A move towards full inclusion would be a lengthy process. It took around nine years for Taiwan and six years for South Korea to move from initial partial inclusion to full inclusion. In both cases, the inclusion ratio was gradually raised until it reached 100%. Given the pressure from the Sino-US trade tensions and signals from the Chinese authorities regarding further reforms and the opening up of capital markets, we believe that full MSCI index inclusion may take place sooner than expected.
In our view, the large jump in the inclusion factor can boost the presence of foreign investors in the Chinese onshore equity market. According to the People’s Bank of China (PBoC), foreign investors held RMB 1.15 trillion (USD 171 billion) of A-shares as of December 2018. They accounted for 6.7% of the free-float market cap of the onshore market, thus almost trebling their presence from 2.3% in November 2015 (see Exhibit 4). Recent inflows into A-shares have been significant, with a record RMB 121 billion (USD 18 billion) via the northbound Stock Connect scheme in just the first two months of 2019 after RMB 294 billion in 2018 and RMB 199 billion in 2017.
Other catalysts have contributed to this rising foreign participation, including: 1) the doubling of the QFII quota to USD 300 billion; 2) the forthcoming combination of QFII and its RMB-denominated quota (RQFII); 3) broadening the investment scope to derivatives, bond repurchases and private funds; and 4) the addition by global index provider FTSE Russell of 5% of the free-float market capitalisation of A-shares to its emerging market indices due in June 2019.
Rising foreign participation should favour the increasing institutionalisation of the market. We believe this would be desirable given that the A-share market is now mostly retail-driven. In 2018, retail investors accounted for 35% of the total free-float market cap and 82% of daily turnover in 2017.
Our Greater China Equities investment team, managed by Lead Portfolio Manager Caroline Yu Maurer, generally favours Chinese market leaders that are competitive and unique. Northbound fund flows at the individual stock level suggest that foreign investors are mostly attracted to large-cap and more liquid stocks. Our team will particularly favour companies delivering sustainable and high-quality earnings growth at an attractive share price over the long term, benefiting from the following investment themes:
1. Technology & innovation: The Chinese economy has begun to shift from cheap, labour-based manufacturing towards medium to high-end manufacturing. We expect a rapid emergence of competitive firms in industrial automation, IT, capital goods, and the new industrial and consumer sectors.
2. Consumption upgrading: We see significant growth prospects for leading companies in healthcare, education and travel. A number of these domestic winners are supported by rising household income, low household debt and more diversified consumer profiles.
3. Industry consolidation: Consolidators in mature/excess-capacity industries are emerging as strong leaders both domestically and globally.
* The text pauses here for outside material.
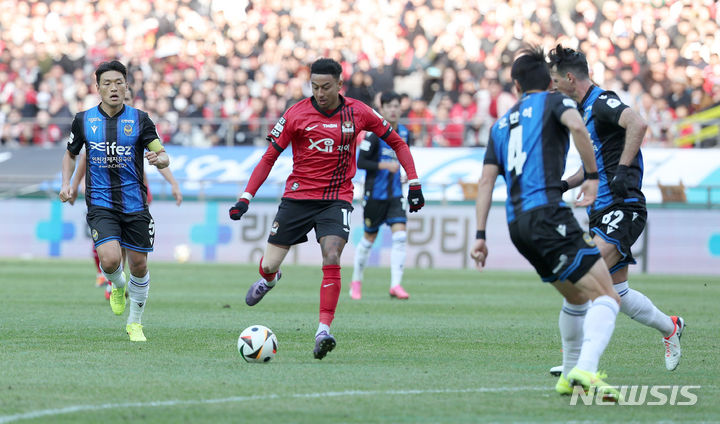 [서울=뉴시스] 김선웅 기자 = 10일 서울 마포구 서울월드컵경기장에서 열린 2024 K리그1 FC서울과 인천 유나이티드의 경기, 서울 린가드가 골대를 향해 드리블을 하고 있다. 2024.03.10. mangusta@newsis.com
The expanding share of China A-shares in MSCI global indices should help to strengthen global interest in this market and trigger more foreign fund inflows into China. We expect the MSCI inclusion of A-shares to attract USD 400 billion of inflows over the next five to 10 years.
In our view, the latest news is about more than just a further opening by MSCI – wider inclusion in the indices is a sign of international recognition of China’s market liberalisation efforts. It should support President Xi Jinping’s ambitions to make the renminbi a global currency. The government recently highlighted that capital markets are an integral part of China's core competitiveness. It aims to deepen structural supply-side reforms in the financials sector and reinforce the sector's ability to serve the real economy.